After landing in Hong Kong exhausted and confused about the time of day, we realized we'd missed our shuttle to our hostel and so took an $8 cab ride instead. Our hostel was at the top of Davis Peak, and by top, I mean Very top. The narrow rode was scary and steep in the night time and I think our cab driver thought we were trying to take him to the remote wilderness to rob him or something. Our hostel was alright, very rustic and outdoorsy, and for one night as exhausted as we were, it did the job. And the view of Hong Kong was amazing! I'll post pictures probably when I get home.
We decided that it was way too far to Anything for us to stay there another night, so we found another place and left the next morning for it. We had awoken at 6:00am ready to go, but had to wait for 7:30am for our shuttle to the city. On our way to our next hotel, we saw early morning excercises, some doing Tai Chi. Our new place was in a bustling city street, much more diverse then any of the other areas we'd seen, and defintely a little Shady, but we had our own room and bathroom, so it worked. It is an odd thing to see so much of one race in one place, it really makes me realize what a melting pot the US really is. It also makes me feel a lot less Chinese being around so many Chinese people at once, all looking at me as a white tourist.

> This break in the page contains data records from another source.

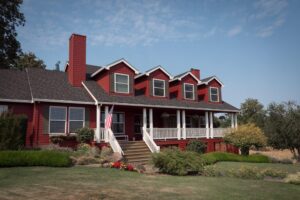 Red building with white trim that is the DreamGiver's Inn Bed and Breakast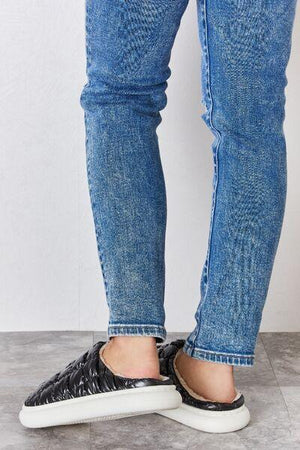 a person wearing black and white shoes and jeans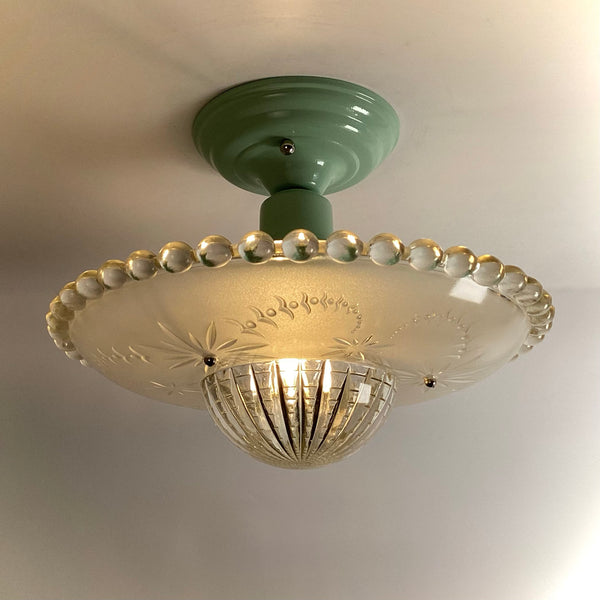 Mid-century semi-flush ceiling light with a green porcelain base and a glowing frosted glass shade.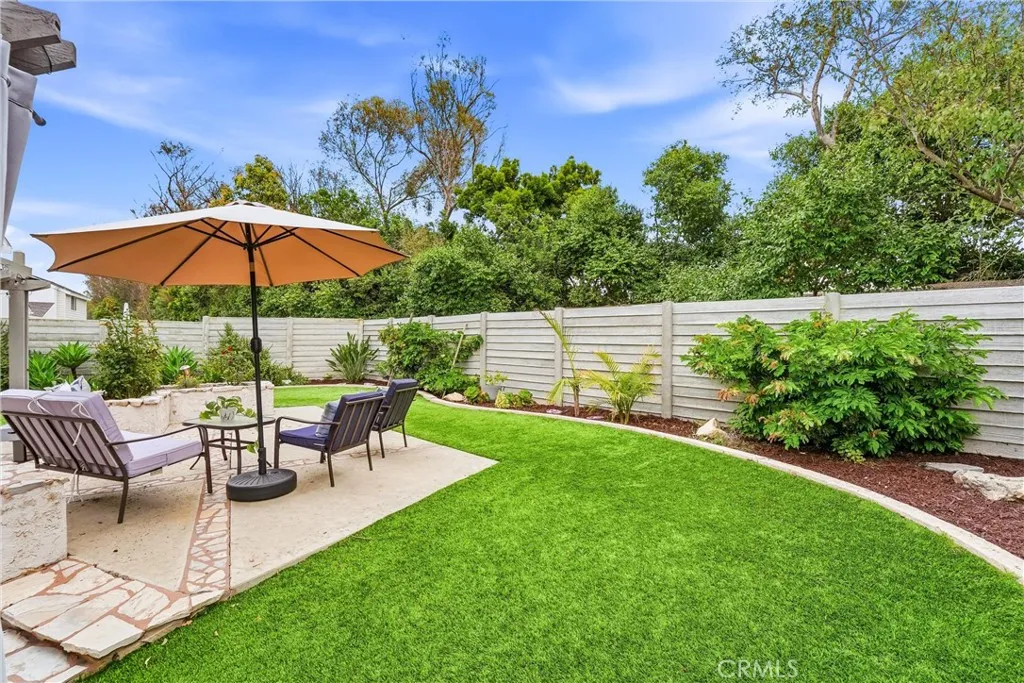 Enjoy one of the largest yards in the Season's tract. This one being "pie" shaped wraps around the home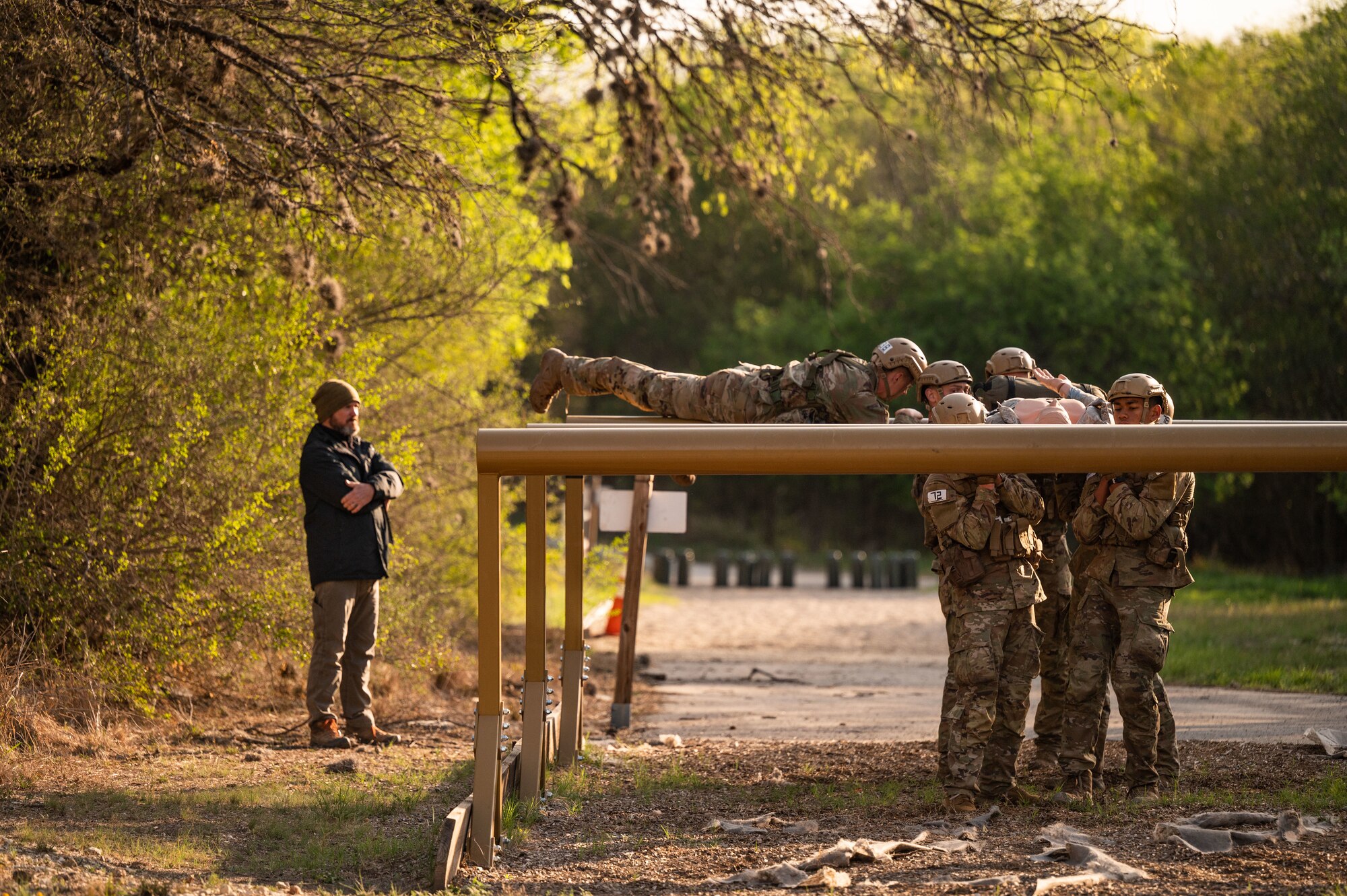 instructor watches as Airman jumps over raised log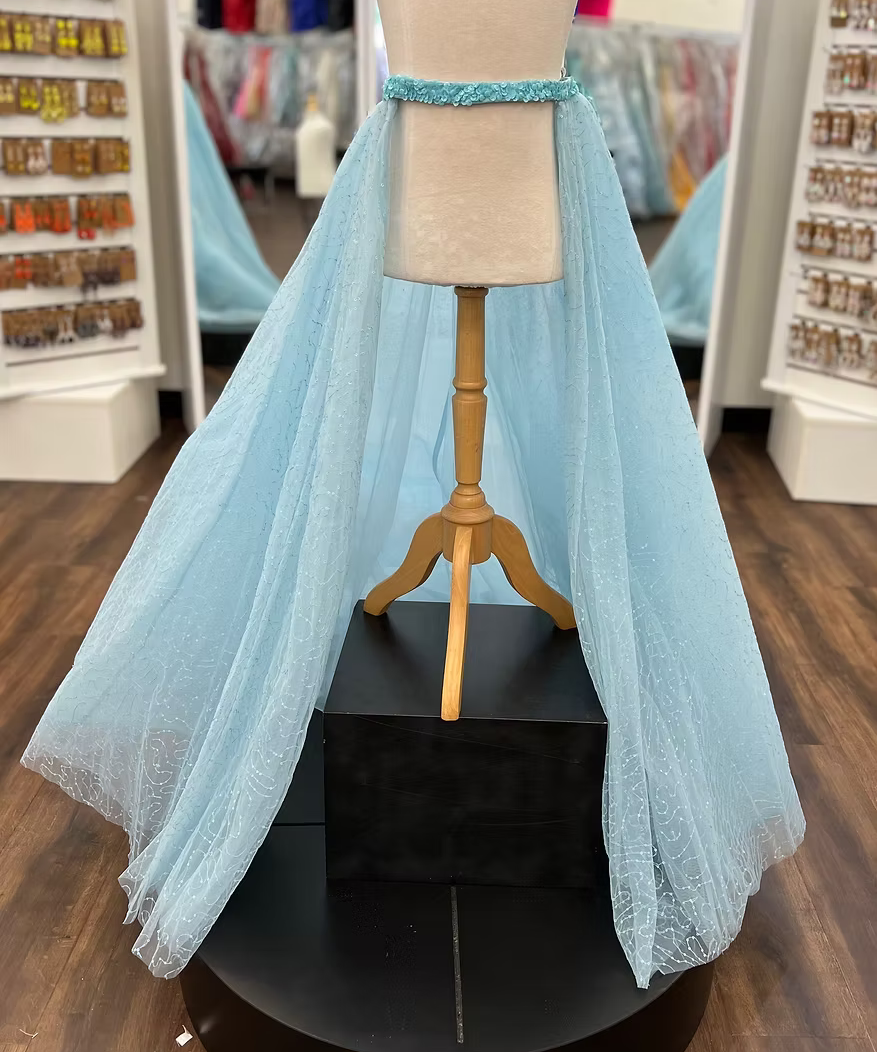 A light blue glitter tulle overskirt is displayed on a cream mannequin with a wooden stand, set on a black pedestal in a retail store.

It's something I've wrestled with before with my family, not feeling "Chinese" enough, mostly because I was often told I was too American or that I don't look Chinese at all by my family. When I was younger I'd desperately try to point out my Chinese features to my family, "See my slanted eyes here? See? That's Chinese!" But they would just shake their head and say, "Nope, not Chinese at all." I don't believe they said it to hurt me, my family is just brutally blunt and say what they think without any cushioning, a trait I have picked up myself.
Getting ready to head to Thailand tonight... will write more later.